Bernard Allison: Slip Slidin’ Away
Jun 18th, 2010 | By admin | Category: Feature ArticlesBy Adam St. James
Most musicians would agree: Early musical influences can be, well, very influential. But when your father is a blues legend, you know something good is going to rub off. And no disappointments here: Bernard Allison does his late papa, Luther Allison, proud on his latest release, Across the Water. Bernard sat down with me to show me a few things about the blues, and in the process pretty much redefined slide guitar playing altogether. Read the interview: This guy rips.
Adam St. James: Bernard, you’re on the road in support of your newest album Across the Water. Tell us a little bit about the album.
Bernard Allison: We recorded Across the Water in ’99. We started in December. I don’t tour the month of December. I take that whole month off just for that reason ’cause we’re on tour pretty much the rest of the year. It was recorded in Minneapolis, produced by Jim Gaines. It’s my second album with Jim Gaines. It’s basically no different than my other albums. It’s the same idea, the same concept. I like to throw em’ a couple straight ahead traditional blues and use like a rock influence or a funk influence. Out of all the seven albums I’ve done, I’ve always followed that procedure. It’s just a little bit more mature with my playing and my vocals and my musicians.
St. James: From your upbringing – your father, Luther Allison, was a phenomenal blues guitar player and frontman and you grew up around his whole world of blues success and knowing a lot of celebrities. How did that affect your playing?
Allison: Well, I studied. I played like three years before I even told him. I just wanted to play something right before telling him, which I learned his very first album. He came home preparing for a live recording in Peoria, Illinois. And, he woke up that morning and I was practicing along with the record and he looked at my mother and said that sounds like my very first record. He wasn’t aware we still had a copy of it. And she said that is your first record, you can go downstairs and turn it off, if it’s disturbing you.

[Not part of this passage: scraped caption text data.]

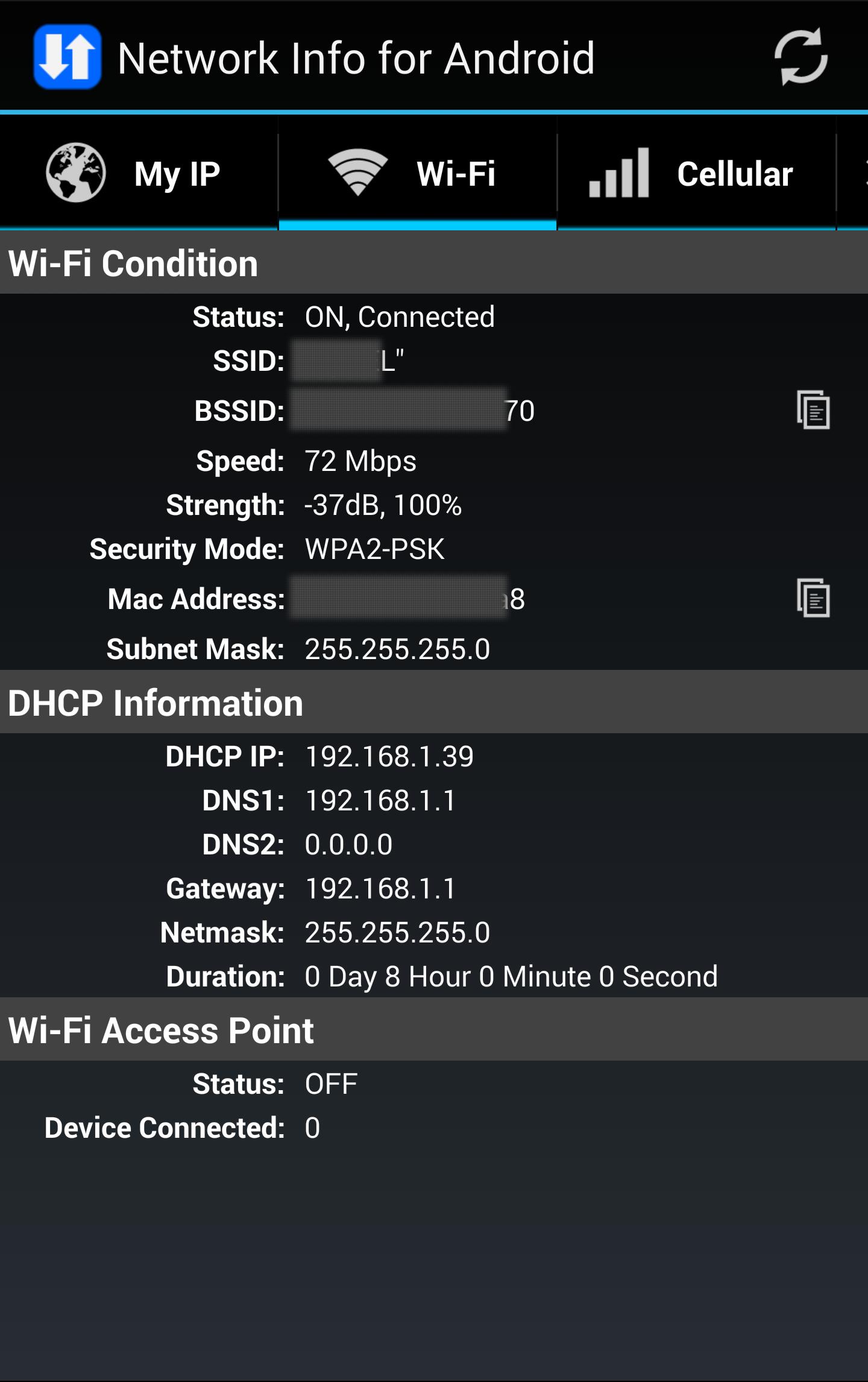 Network Info for Android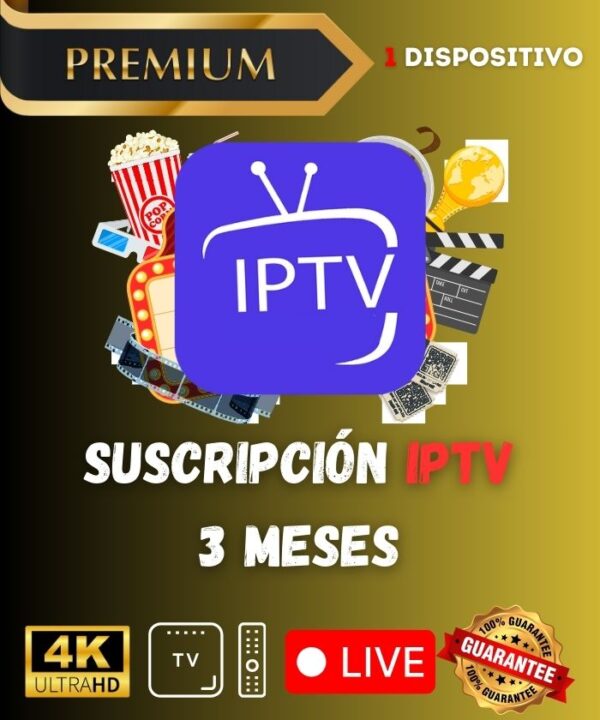 Suscripción IPTV 3 Meses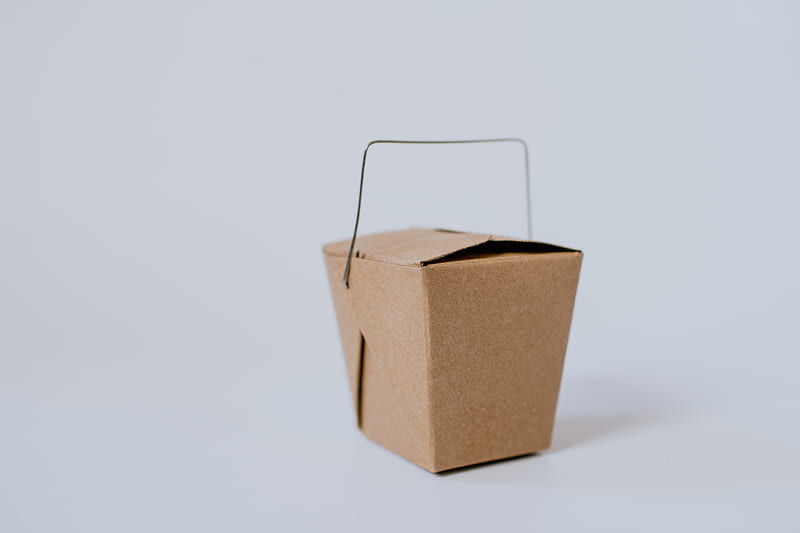 small brown cardboard box with handle, HD wallpaper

I can see his feet coming downstairs and I’m like, ‘Oh, I’m busted now you know.’ And he comes down, and looks, and says, ‘So, you’re playing guitar.’ I said, ‘Yeah I started playing guitar,’ and he said, ‘You just didn’t start – not playing like that.’ He was impressed by what I learned on my own and he said, ‘Well, tonight come with me and I’ll put you on the live record.’ Now, I’m really shaking in my boots. So, that night he called me up and gave me his guitar, at the time he was playing a B.B. King Lucille 335 and it was just huge. I’m a little bitty guy and the guitar is bigger than me. But that was my first actual chance on stage, with him, and actually recording a record.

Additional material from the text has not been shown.